The government has set a target that 17 per cent of the country’s energy requirements must be met from renewable sources by 2025 and last year established a National Team for Biofuel Development to develop alternative energy supplies.

For team chief executive Al Hilal Hamdi, crops such as palm oil, cassava, jatropha and sugar cane could hold the answer not only to Indonesia’s concerns about energy security, but also unemployment, poverty, the environment and local unrest. Last month foreign and domestic firms signed agreements totalling $12.4 billion to develop biofuel projects to turn crops such as palm oil and sugar cane into biodiesel and bioethanol.

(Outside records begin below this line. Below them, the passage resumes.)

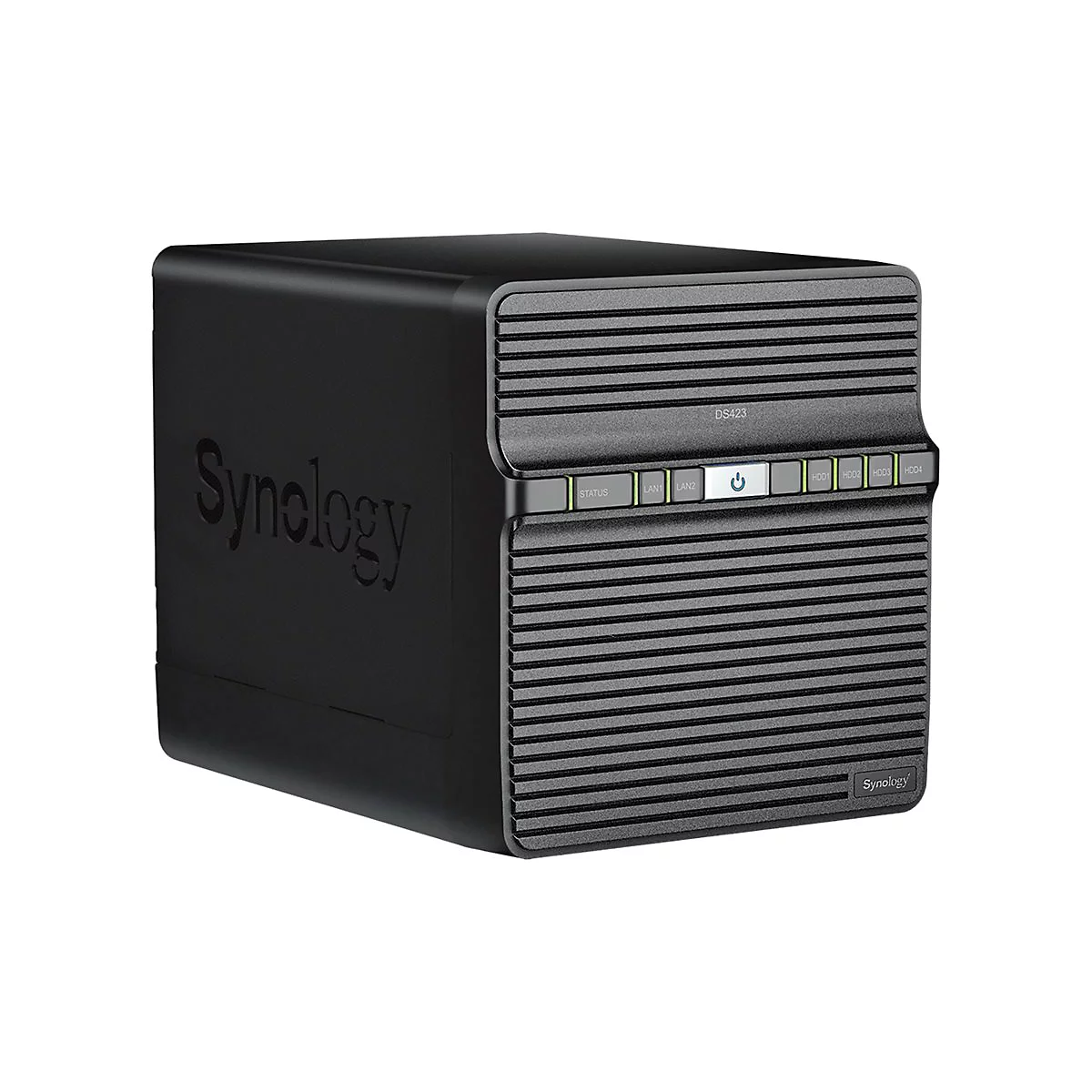 Schwarzes Synology NAS-Gerät. Front mit horizontalen Rillen und LED-Anzeigen. Synology-Logo auf der linken Seite.
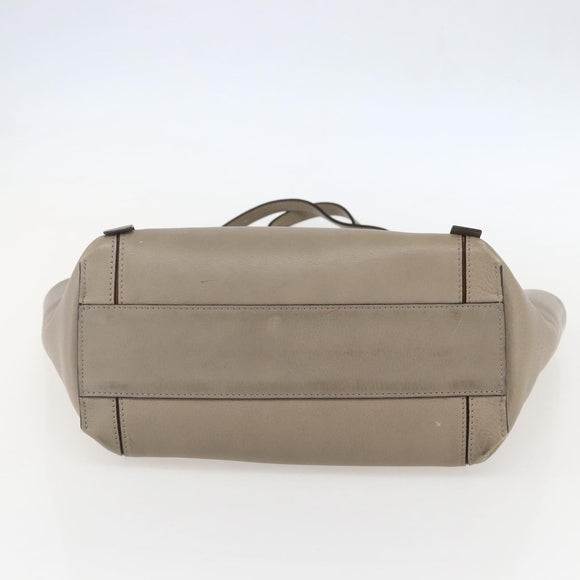 Chloe Milo Tote Bag Leather Beige Gold Auth am10289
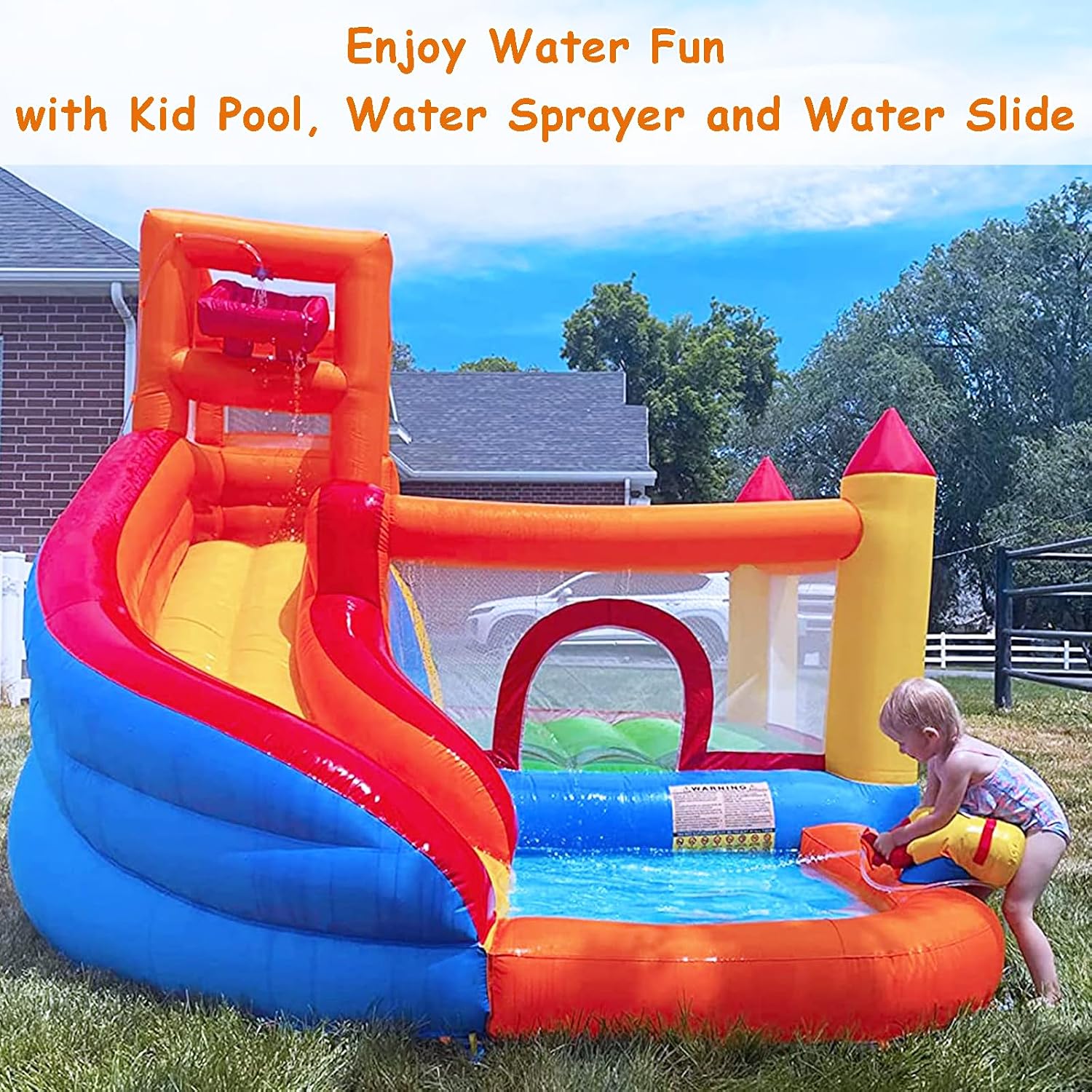 華卡斯特ロ インフレータブル ウォータースライド バウンスハ - Kids Outdoor Inflatable Water Slide のレビューと価格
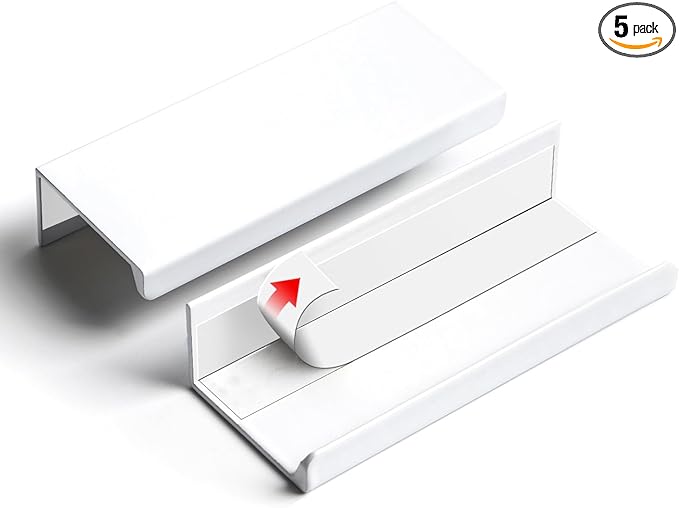 5 Pack 3 inch self Adhesive Cabinet pulls Cabinet Finger pulls Bright White Adhesive Cabinet Handles Concealed Finger pulls for cabinets Drawer pulls Stick on Handles Edge Seam Flat Handles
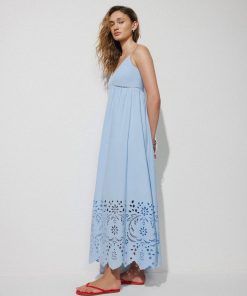 Kentucky Blue Sleeveless Sweetheart Maxi Dress with Eyelets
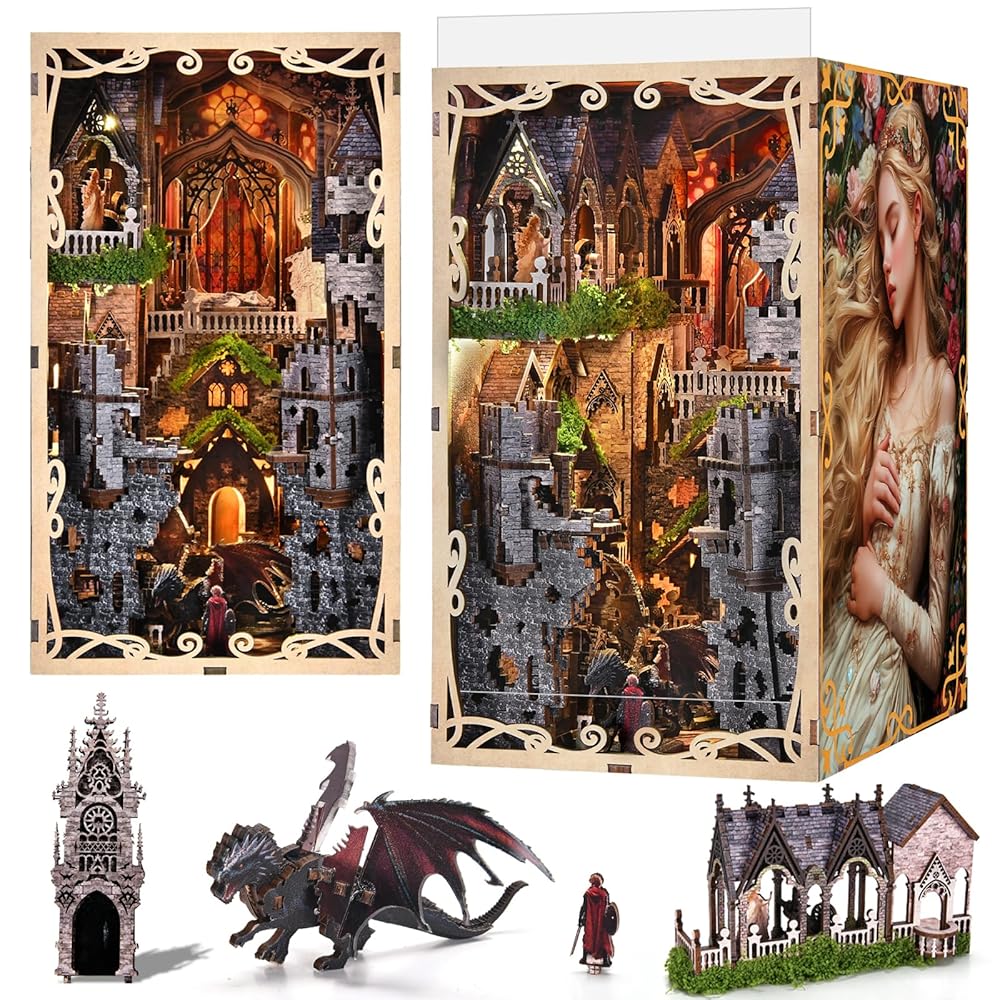 MiniCity Book Nook Kit, DIY Scene Miniature House Kit Tiny House Mini Booknook Craft Bookshelf Decor, 3D Puzzles for Adults, Scale Model Building for Book Lovers (Sleeping Beauty)
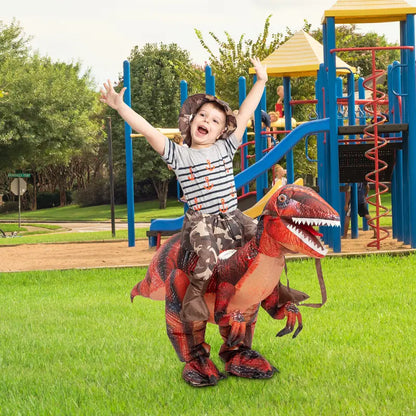 Inflatable Dinosaur Costume for Halloween - Realistic Design with Red Glowing Eyes - Clothing, Menswear
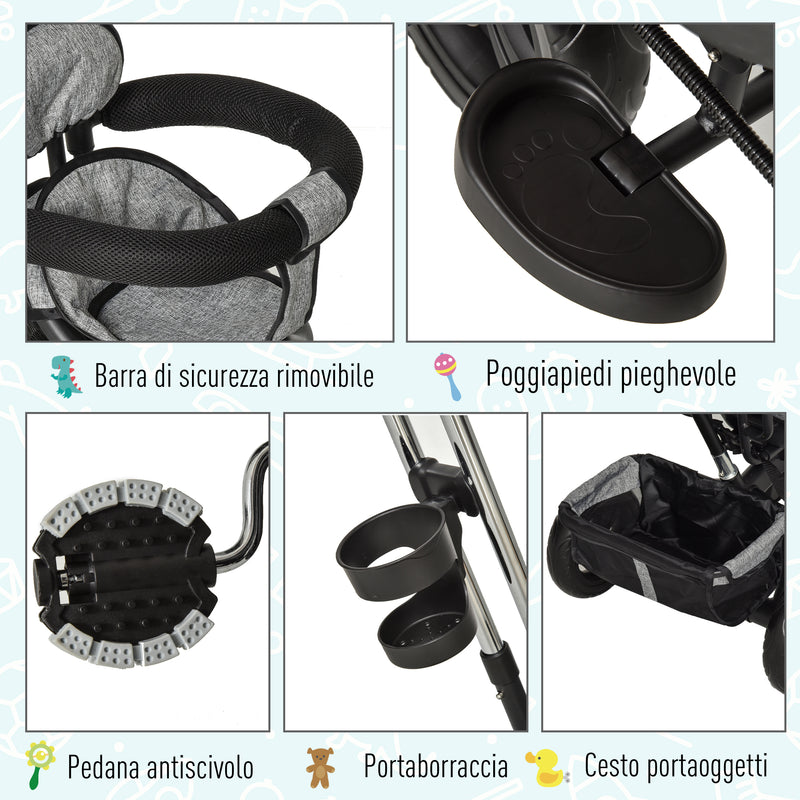 Passeggino Triciclo per Bambini Pieghevole  Grigio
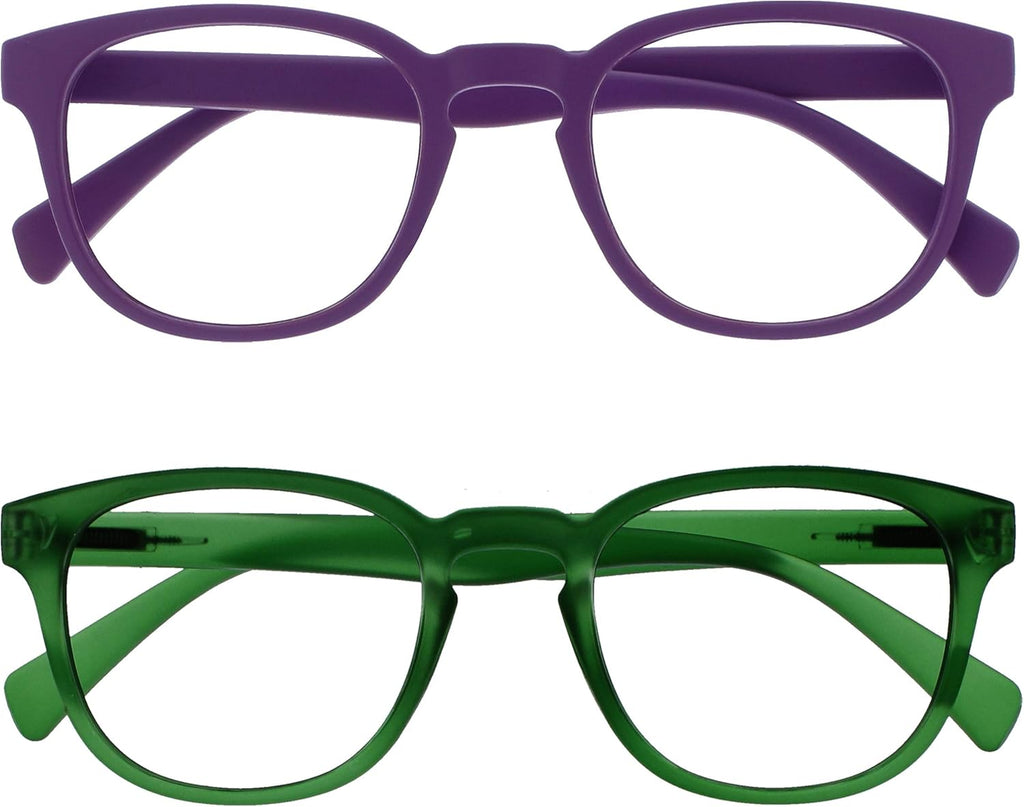 OPULIZE POP Reading Glasses for Women Men,Scratch Resistant Round Matt Frame with Spring Hinges, Purple, Green +2.50 (Pack of 2)
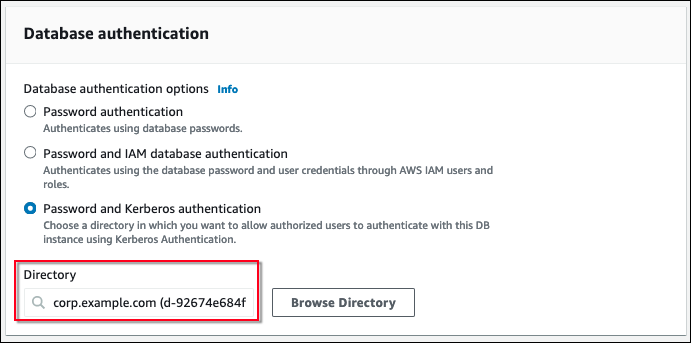 La sezione Autenticazione database con l’opzione Autenticazione di password e Kerberos selezionata nella console Amazon RDS.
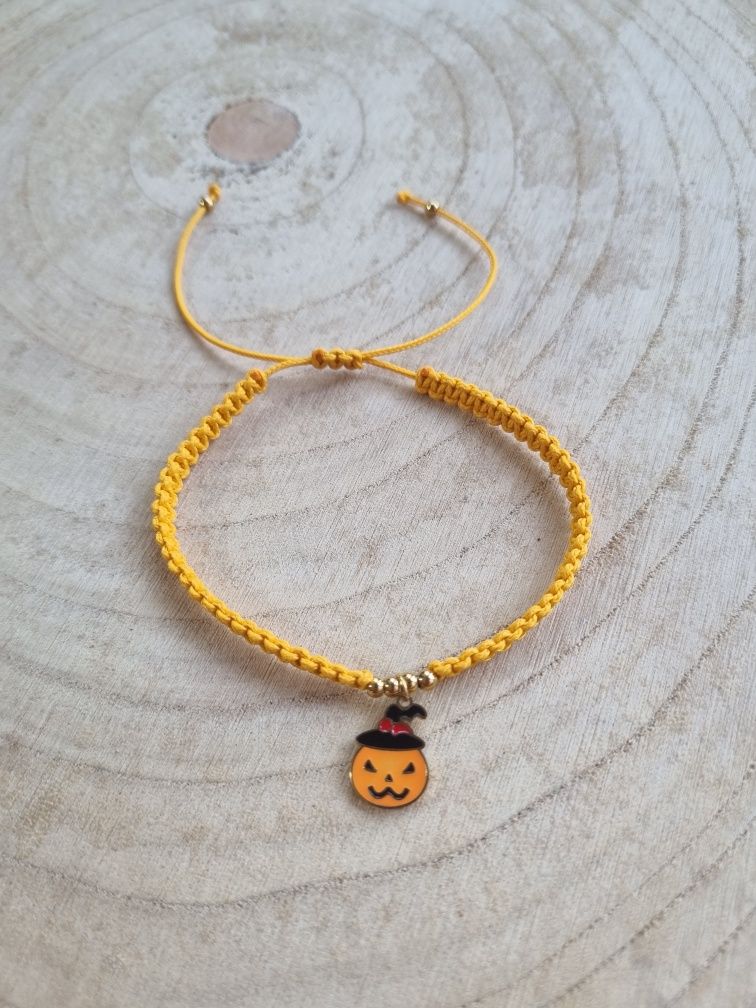 Żółta bransoletka dynia makrama handmade rękodzieło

Chinese state-owned China National Offshore Oil Corp inked the single biggest deal — worth $5.5 billion — with PT SMART, a subsidiary of Indonesia’s Sinar Mas Group, and Hong Kong Energy (Holdings) Ltd. The other investors included Malaysia’s Genting Bhd, Japanese firms Mitsubishi and Mitsui, Brazil’s Petrobras and companies from South Korea and Singapore.

“Foreign investment is $12.4 billion and the domestic investment is about five billion — half of that is for the farmers through the Indonesian banks,” Hamdi said. Over the next eight years, some five million to six million hectares will be planted with biofuel crops, he said.

But just where all this land — an area far larger than Denmark and a bit smaller than Sri Lanka or the US state of West Virginia — is going to come from is what worries conservation groups concerned about deforestation.

And according to a surprising study by Netherlands-based Wetlands International and Delft Hydraulics, biofuel is often more polluting than fossil fuels. Drainage of vast peatland areas for oil palm plantations leads to huge emissions of carbon dioxide as drained peat decomposes very rapidly, the study released in December found.